Reynolds American's revenues surged 41.1% annually to $3.16 billion, which also topped expectations by $20 million. But most of that growth was attributed to Reynolds' acquisition of Lorillard, which closed in June. That acquisition also boosted Reynolds' adjusted EPS 17% to $0.55, which met expectations. Cigarette shipments surged 29.5%, fueled by the addition of Lorillard's Newport menthol cigarettes. Reynolds' brands, led by Newport, Camel, and Pall Mall, claimed 33.9% of the domestic market, up from 33.6% in the prior year quarter.

Growth prospects
To diversify away from cigarettes and cigars, Altria expanded its portfolio into new categories like wine, e-cigarettes, and a 27% stake in brewer SABMiller, which together generated nearly 10% of its pre-excise tax revenue last quarter. Anheuser-Busch InBev's (NYSE:BUD) planned $104.2 billion takeover of SABMiller will give Altria a large stake in the beer company, but it's unclear if Altria will still directly report earnings from that stake after the deal closes. During the third quarter, Altria's earnings from SABMiller plunged 43% annually to $187 million, mainly due to overseas currency impacts.
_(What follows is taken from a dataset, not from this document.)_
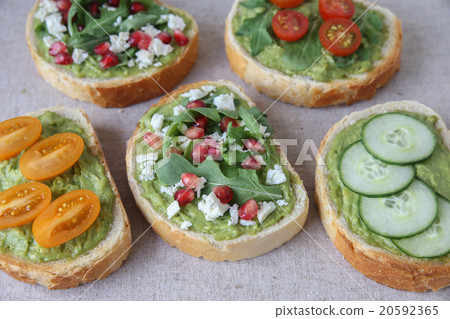 Mixed green sourdough open face sandwiches toast 20592365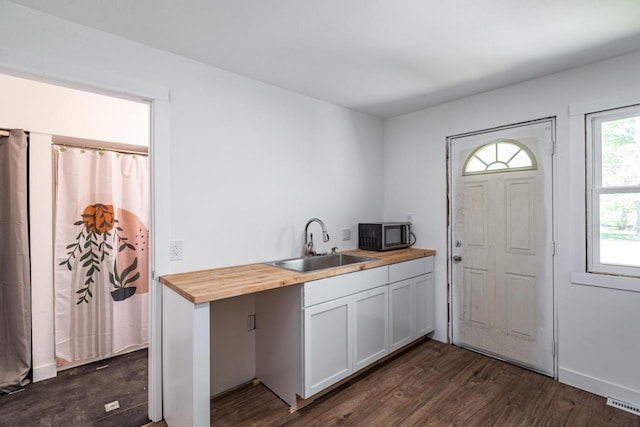 interior space with stainless steel microwave, a sink, wood counters, visible vents, and dark wood-style floors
Reynolds' strategy, as seen with its acquisition of Lorillard and the sale of the international rights to several brands to Japan Tobacco, is to double down on the domestic tobacco market to challenge Altria. However, Reynolds is also diversifying away from cigarettes with snuff, e-cigarettes, and nicotine gum, which also accounted for around 10% of its top line last quarter. Reynolds also dominates certain niche markets in America -- Newport is the leading menthol brand, Vuse is the top e-cigarette maker, and Natural American Spirit appeals to younger smokers with organic tobacco and additive-free blends.

Looking ahead, rebounding gas prices might cause domestic cigarette shipments to decline. If that happens, both companies will likely fall back on their old strategy of raising prices. While that strategy might seem unsustainable, investors should recall that cigarettes are still much cheaper in the U.S. than in other countries with comparable smoking rates, like the U.K. and Australia.

Dividends and buybacks
Many investors buy tobacco stocks for their rich dividends and big buybacks. Altria currently has a forward annual dividend yield of 3.7%, while Reynolds has a yield of 3%.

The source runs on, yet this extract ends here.